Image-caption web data
_____

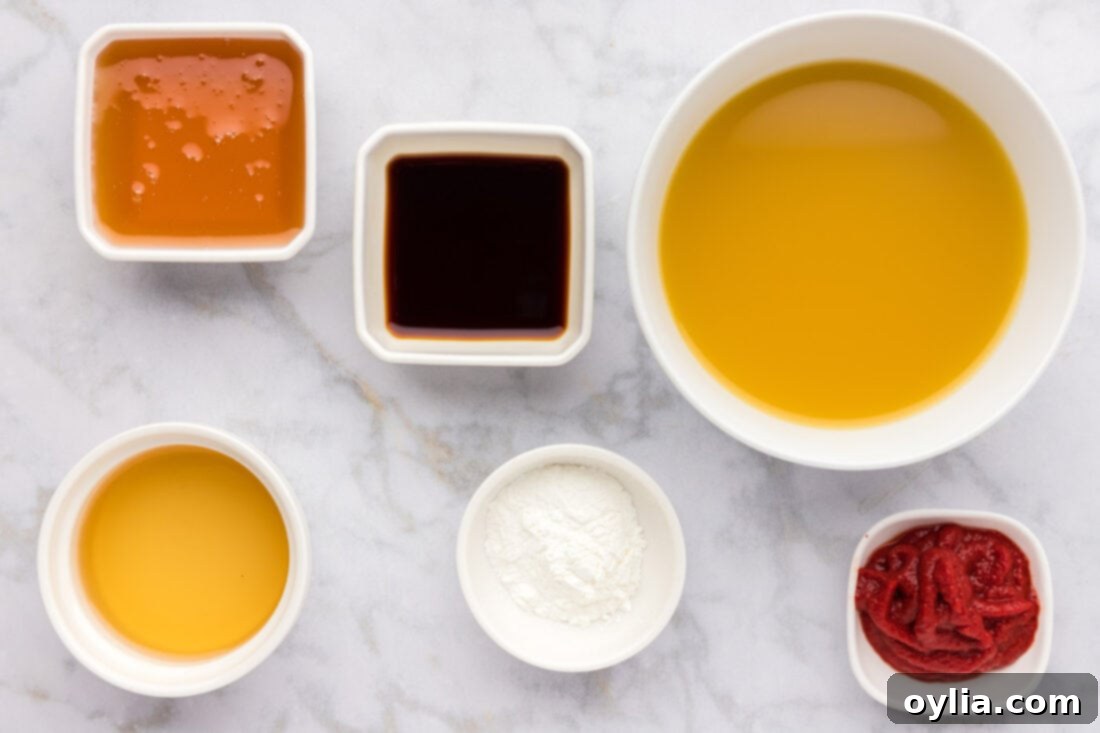 Tangy Sweet Glaze 4 Ingredients for Sweet and Sour Sauce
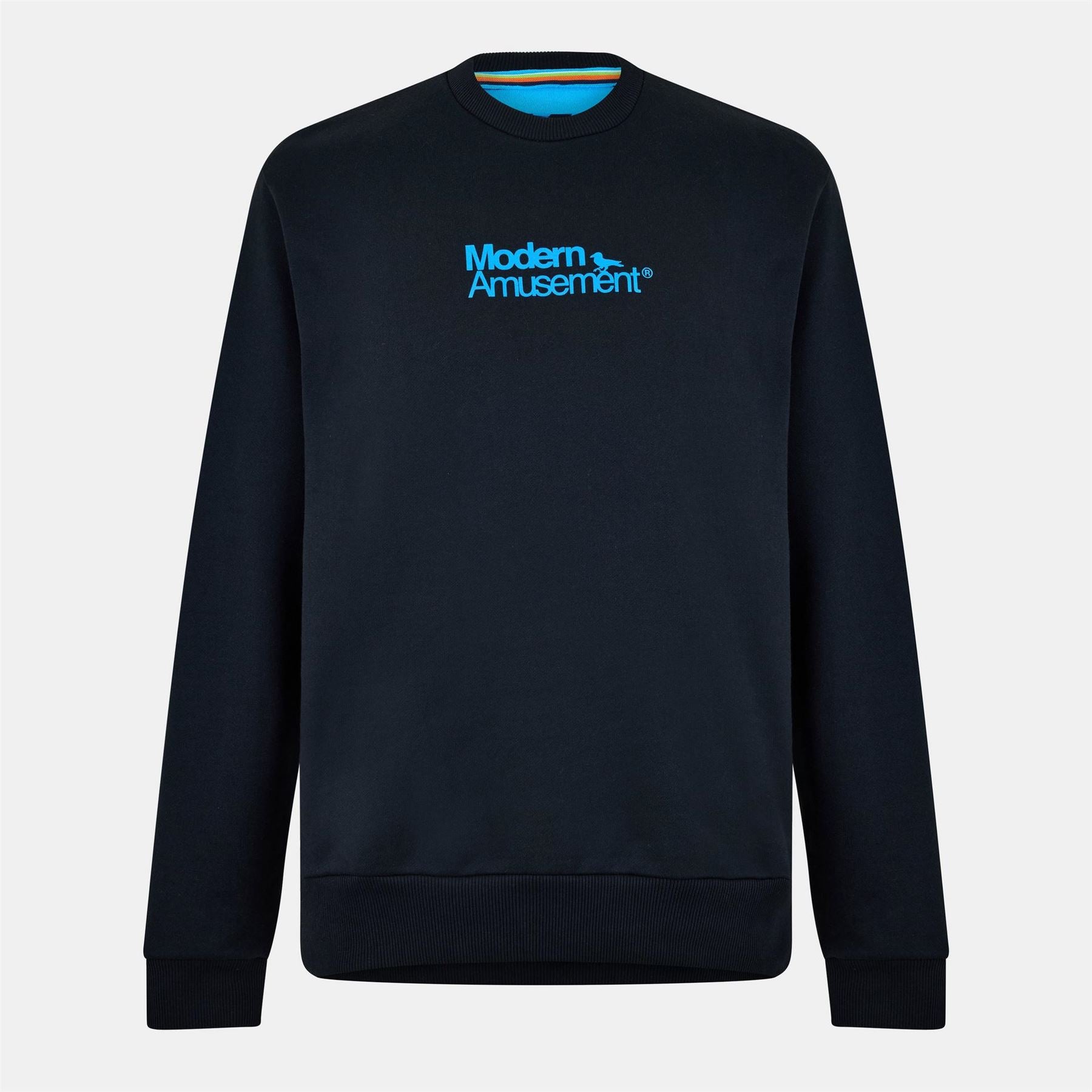 Modern Amusement Regular Fit Crew Neck Long Sleeve Sweatshirt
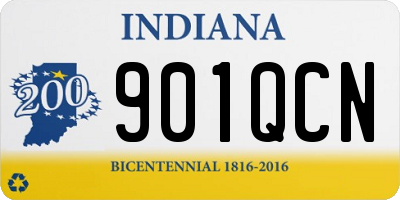 IN license plate 901QCN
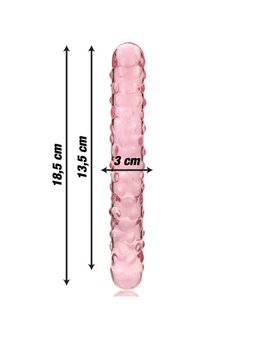 Nebula Series By Ibiza - Modello 15 Dildo in Vetro Borosilicato 18,5 X 3 CM Rosa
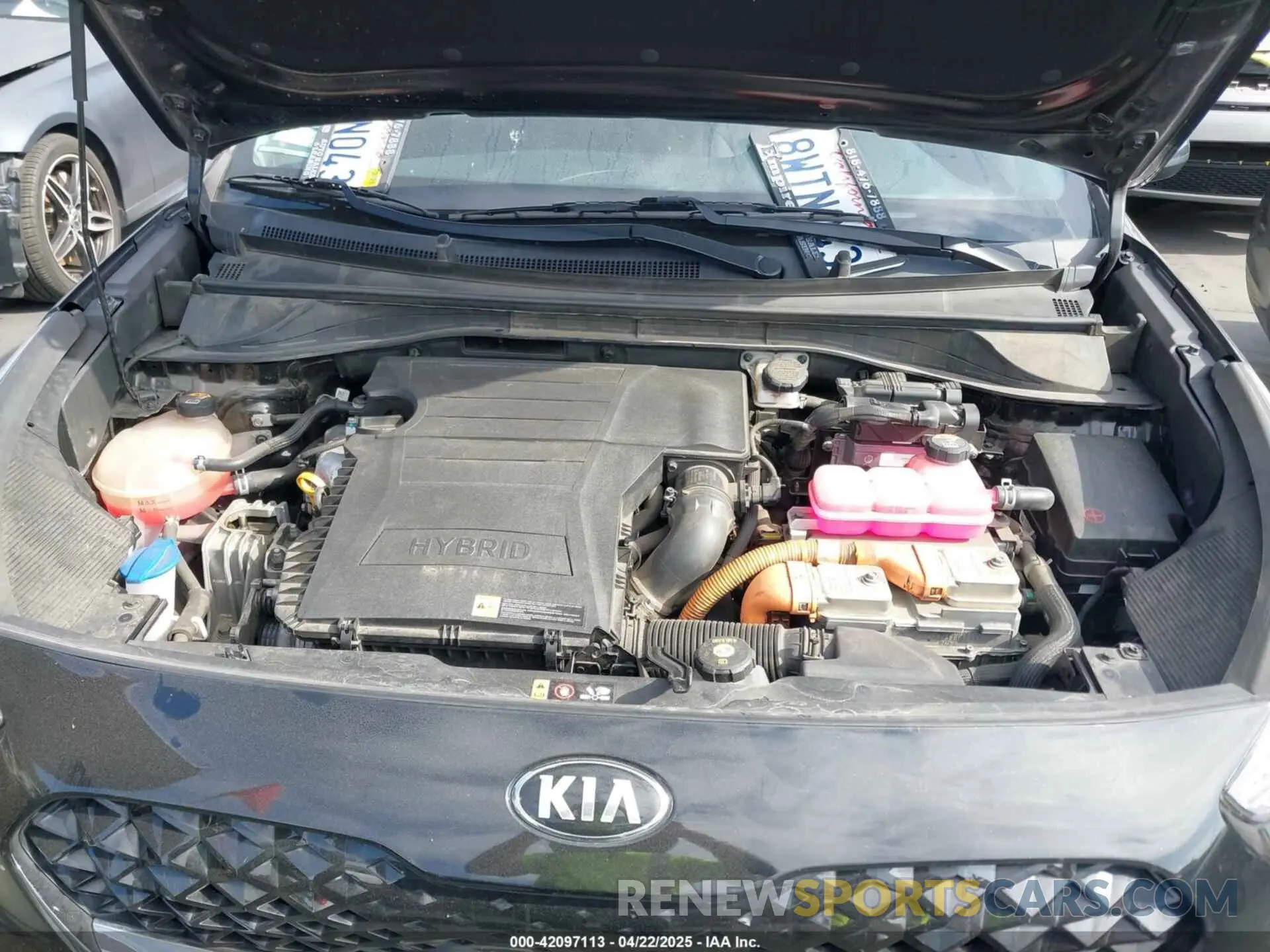 10 Фотография поврежденного автомобиля KNDCB3LC9M5475783 KIA NIRO 2021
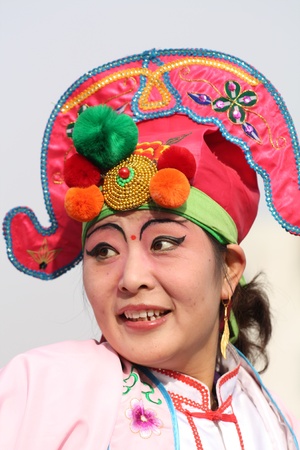 yangko multicoloured face in North chinaのeditorial素材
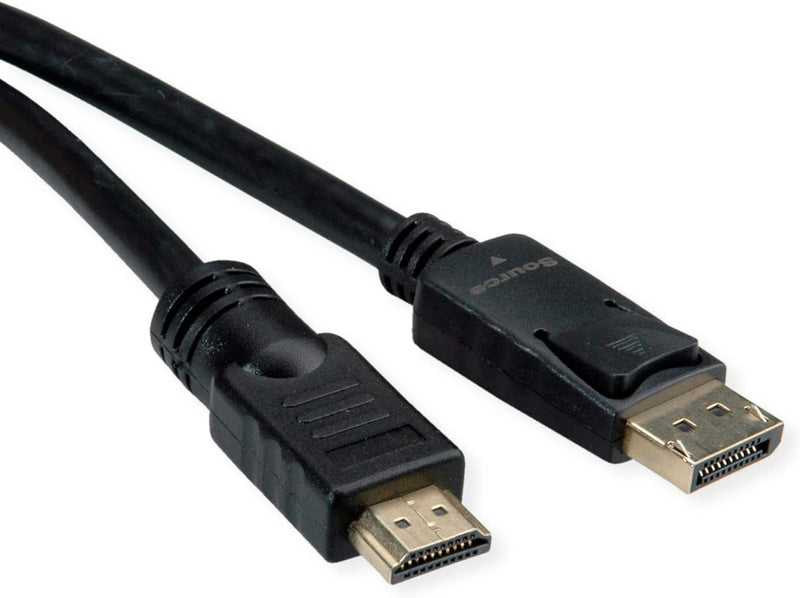 ROLINE DisplayPort Kabel DP - UHDTV, ST/ST, schwarz, 10 m, 10 m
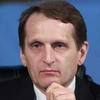 Chủ tịch Duma Quốc gia Nga Sergey Naryshkin. (Ảnh: news.az)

_____

■ Task description ■
Your reply should hold only the lines from the one that contains "ROLINE DisplayPort Kabel" through the last line of the records above, exact and complete, and no pictures.

■ Your response ■
 ROLINE DisplayPort Kabel DP - UHDTV, ST/ST, schwarz, 10 m, 10 m
 Chủ tịch Duma Quốc gia Nga Sergey Naryshkin. (Ảnh: news.az)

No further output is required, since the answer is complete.